Este artigo se propõe a examinar o primeiro capítulo da segunda parte, qual seja, “o monastério dos sábios: o sentido comum teórico dos juristas”, de 1986.  De antemão, percebe-se que, passados quase trinta anos da Constituição de 1988, pouco mudou[2], pois continua-se a olhar o novo com os olhos do velho[3].

Mas, o que é isto: olhar o novo com os olhos do velho?

Uma nova Constituição, erigida com base em uma nova matriz teórica, precisava de novos modelos de análise: uma teoria das fontes, uma teoria da norma e uma teoria hermenêutica que abarcasse os direitos de segunda e terceira dimensões[4]. Como a Constituição continuou a ser concebida como um documento de cariz político até o raiar do constitucionalismo da efetividade, apostou-se em uma doutrina constitucional de vanguarda, que levou, como efeito colateral, a um ativismo inconsequente.

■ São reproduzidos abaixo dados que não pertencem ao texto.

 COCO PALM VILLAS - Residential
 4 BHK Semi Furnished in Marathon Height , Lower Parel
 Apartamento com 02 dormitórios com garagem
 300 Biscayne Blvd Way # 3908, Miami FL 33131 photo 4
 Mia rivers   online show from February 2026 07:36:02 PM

Se o novo modelo apostava na estrutura do Direito (objetivismo), ter-se-ia adotado uma postura de perfil subjetivista, o que ensejou o decisionismo e, igualmente, o instrumentalismo, no âmbito do processo civil, assim como o padrão inquisitivo, no processo penal[5]. Para enfrentá-los, a hermenêutica funcionaria como um dique para impedir que a democracia como método e forma de organização política fosse substituída pelo “governo dos juízes”.

Para sair dessa aporia, é necessário questionar o lugar do sujeito e a noção de verdade. Será o sujeito de direito, de um prisma exegético, ou, talvez, normativo, o âmago a partir do qual é produzido o direito? Como é que se cria a percepção juridicista do mundo?[6] Ela dá conta das malhas do real? Warat fala de uma ilusão epistêmica, que é captada, por exemplo, na ideia da “verdade real” presente no Direito Processual Penal.

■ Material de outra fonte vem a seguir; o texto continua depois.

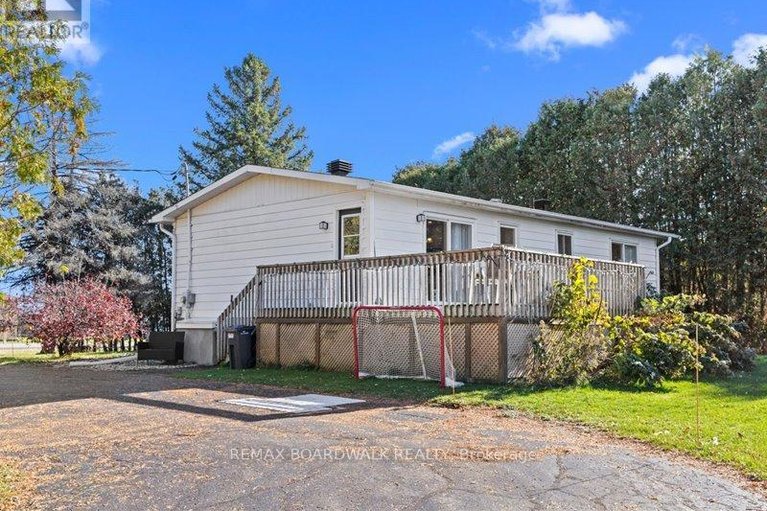 29519849/2462-dunning-road/cumberland-west/ottawa/ontario/K0A3E0_2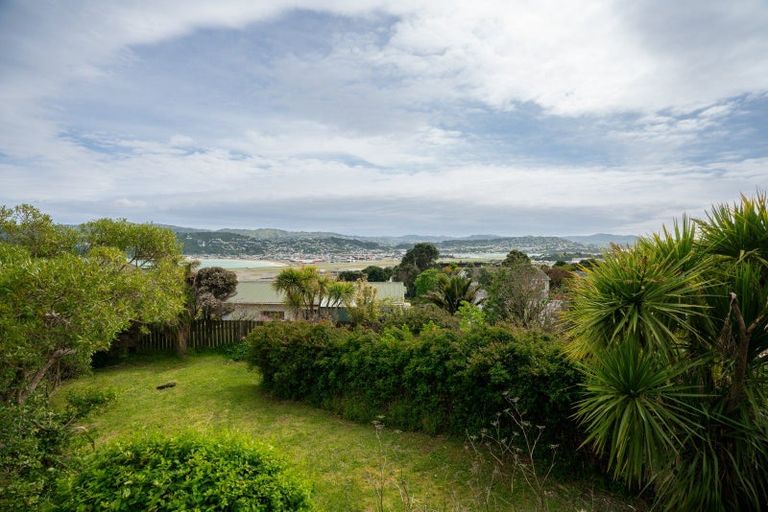 Photo of property in 38 Sidlaw Street, Strathmore Park, Wellington, 6022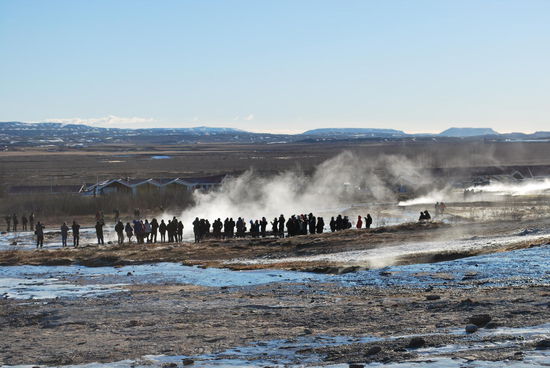 Nicht umsonst umlagern daher alle Touris den kleinen Bruder von Geysir, Strokkur. Der spuckt nämlich sehr zuverlässig alle paar Minuten.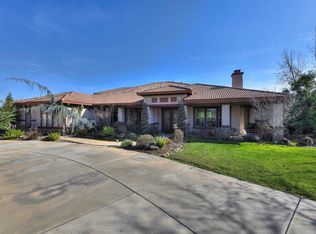 9820 Stablegate Rd, Wilton, CA 95693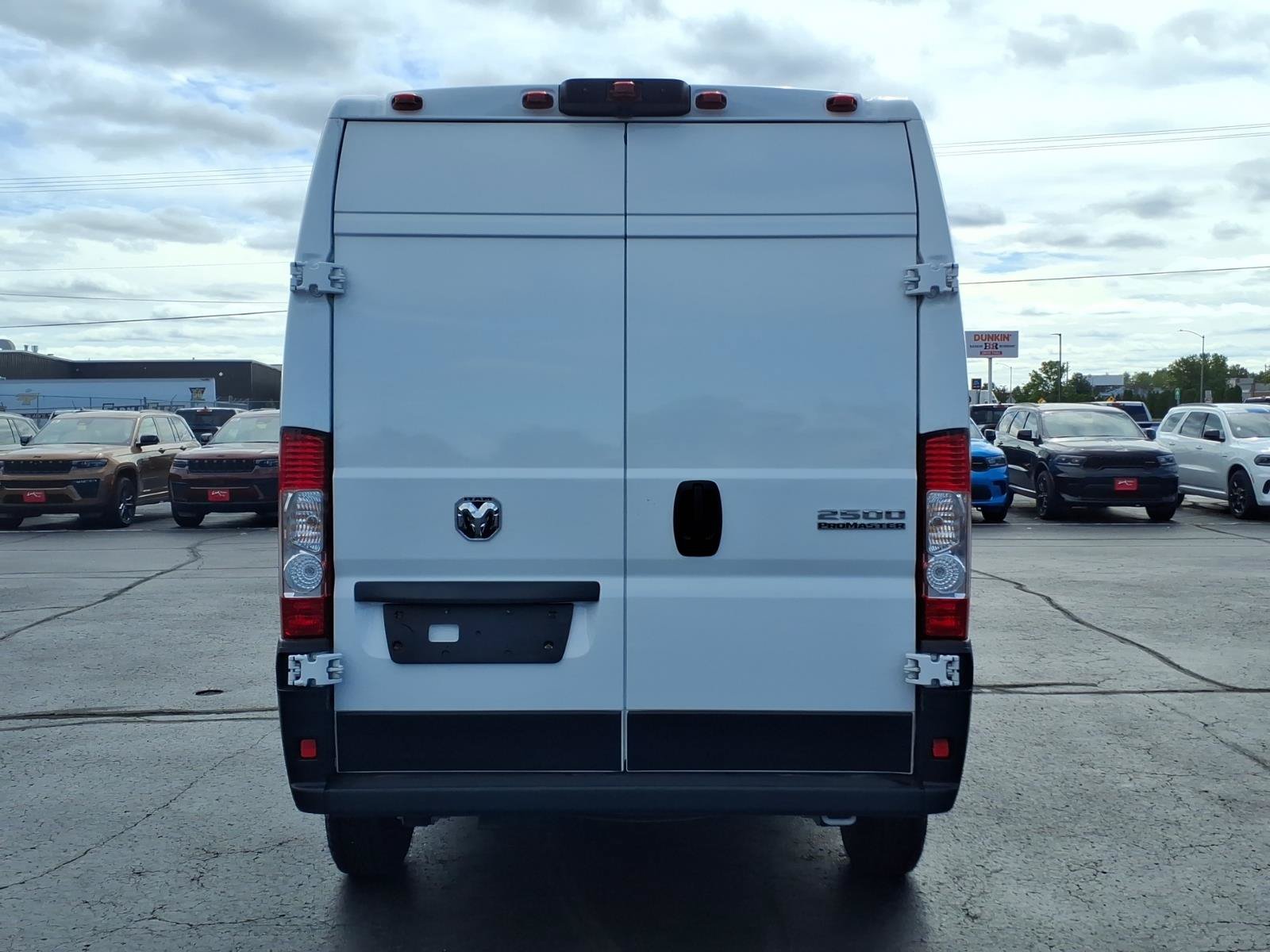 Used 2025 RAM ProMaster 2500 w/ Convenience Group FWD image 5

O sentido comum teórico dos juristas deve ser compreendido como[7]:

Um conglomerado de opiniões, crenças, ficções, fetiches, hábitos expressivos, estereótipos que governam e disciplinam anonimamente a produção social da subjetividade dos operadores da lei e do saber do direito, compensando-os de suas carências. Visões, recordações, ideias dispersas, neutralizações simbólicas que estabelecem um clima significativo para os discursos do direito antes que eles se tornem audíveis ou visíveis.

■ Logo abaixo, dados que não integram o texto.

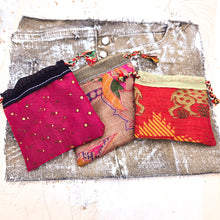 Load image into Gallery viewer, Drawstring Jewelry Pouch
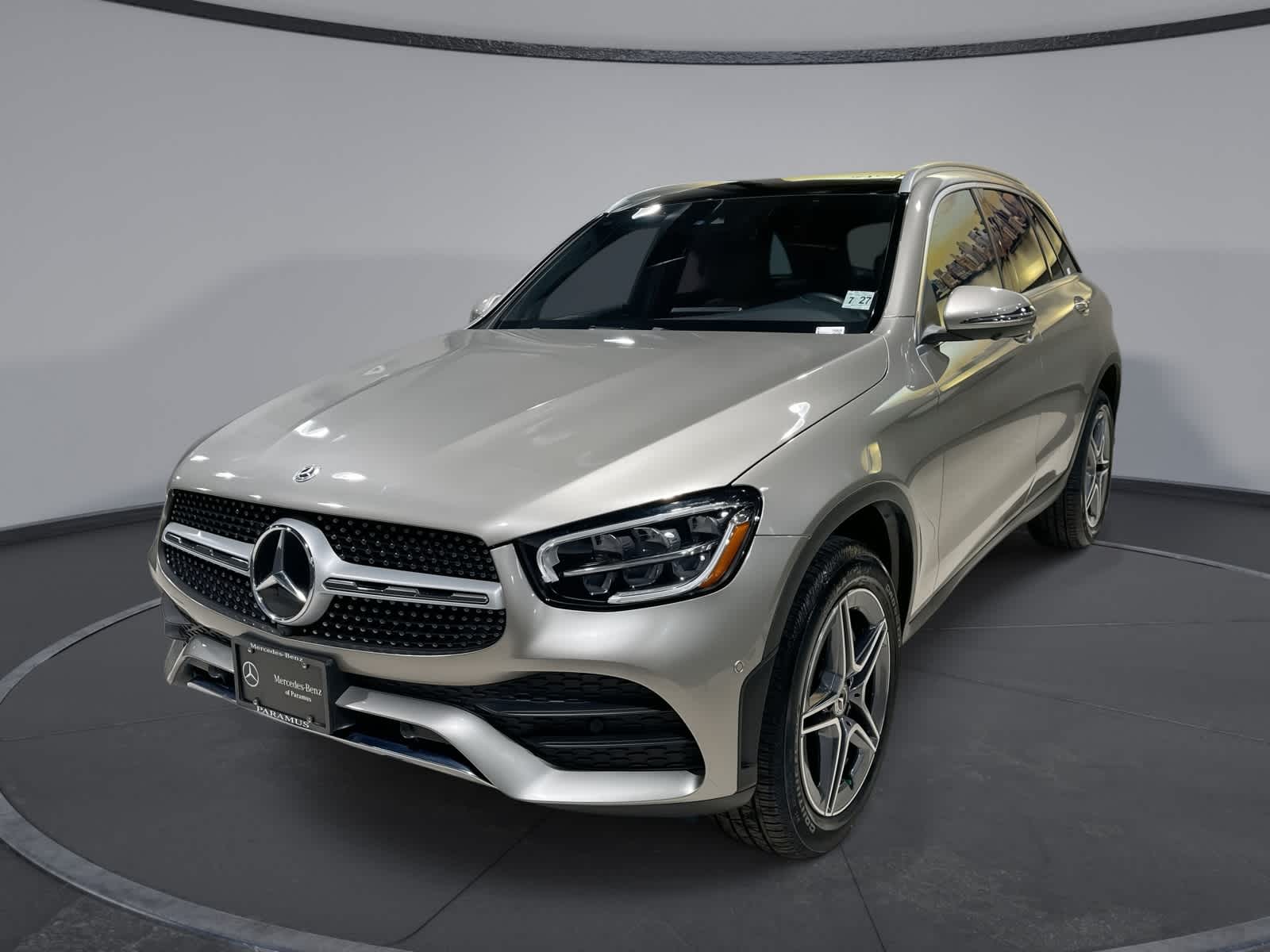 Thumbnail: 2022 Mercedes-Benz GLC - 1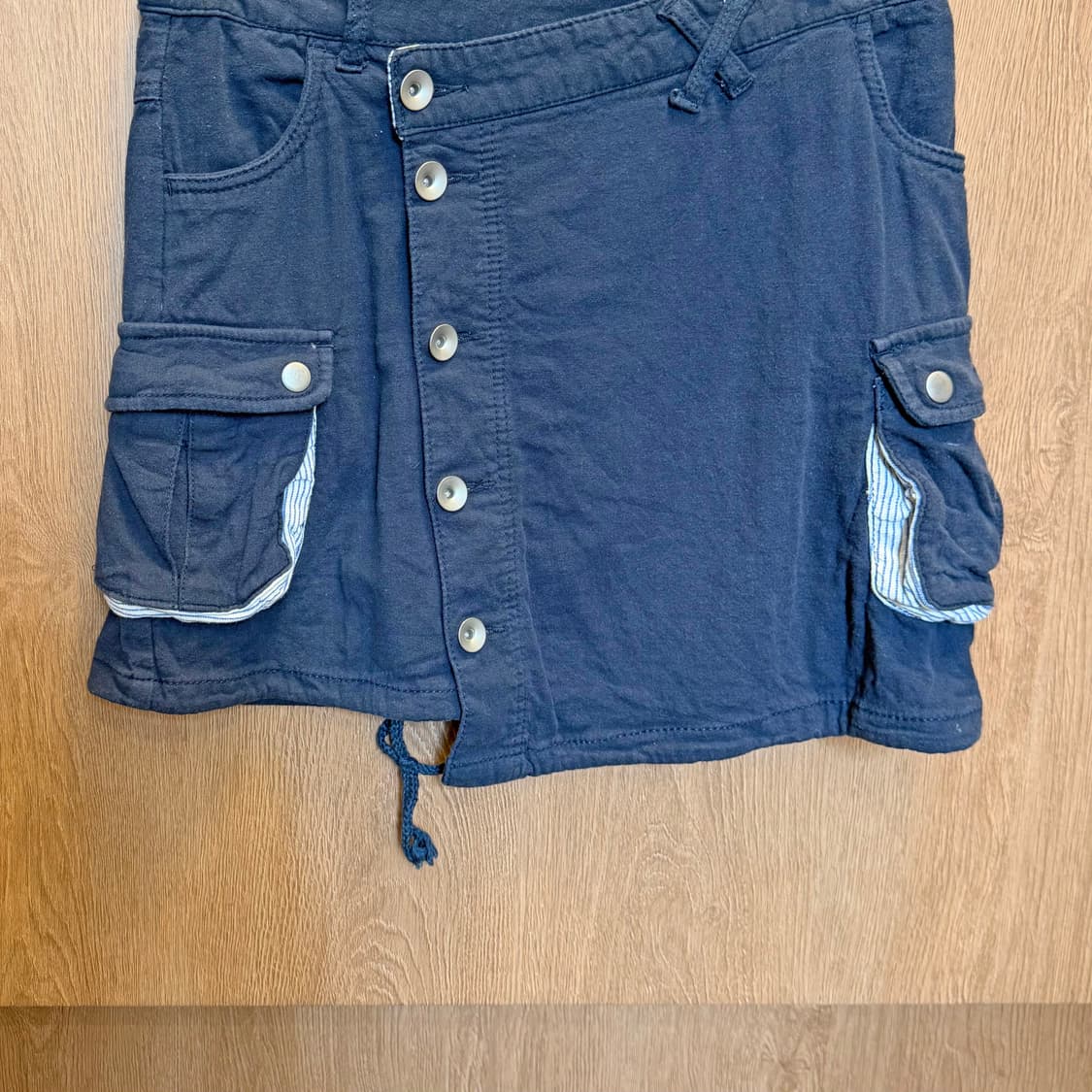 빈티지 카고 랩 미디 스커트 버튼업 밑단 스트링 디테일 네이비 상품이미지4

Como se nota, o senso comum teórico dos juristas diz respeito a saberes acumulados e expressados na prática jurídica institucional por meio de um bloco de representações morais, teológicas, metafísicas, estéticas, políticas, tecnológicas, científicas, epistemológicas, profissionais e familiares que os juristas anuem em suas atividades, por influência da dogmática jurídica e que estão presentes  nas faculdades de Direito, nos tribunais, nas associações profissionais e na administração pública[8].

Dito isso, o senso comum teórico teria quatro funções: a) normativa, b) ideológica, c) retórica, d) política. Elas formam uma espécie de caldo de cultura jurídica que compreende os discursos sobre o direito apenas como abstração[9] e relega a um segundo plano o mundo da aplicação, que é colonizado pelos discursos predatórios, sejam eles políticos, morais, históricos, dentre outros. Ocorre que o direito é ciência prático-deliberativa e os juristas devem entender que não lidam com ficções, mas com vidas humanas.

Nessa perspectiva, ler Warat é despertar do sono letárgico do positivismo, modelo teórico inconfessado de todos aqueles que rejeitam o questionamento e que moram na doxa epistêmica. Não que o positivismo em si mesmo seja bom ou ruim[10]. Há diversos tipos de positivismo (pós-exegéticos, inclusive). É necessário conhecê-los, desnudá-los, para, assim, mudar para as obviedades do senso comum[11] e superar os anacronismos da hermenêutica[12].

Urge afastar a noção de dupla racionalidade, como se a cotidiana não tivesse condições de compreender a história, mas somente a científica. É como se houvesse um precipício entre o sentido comum e o científico[13]. Em uma frase: é como se a política fosse o lugar do caos e o direito, o da razão. Não é bem assim.

Certo é que depois das aulas do Professor Rosemiro Pereira Leal e dos textos do grande Warat, o Curso de Direito não foi mais o mesmo.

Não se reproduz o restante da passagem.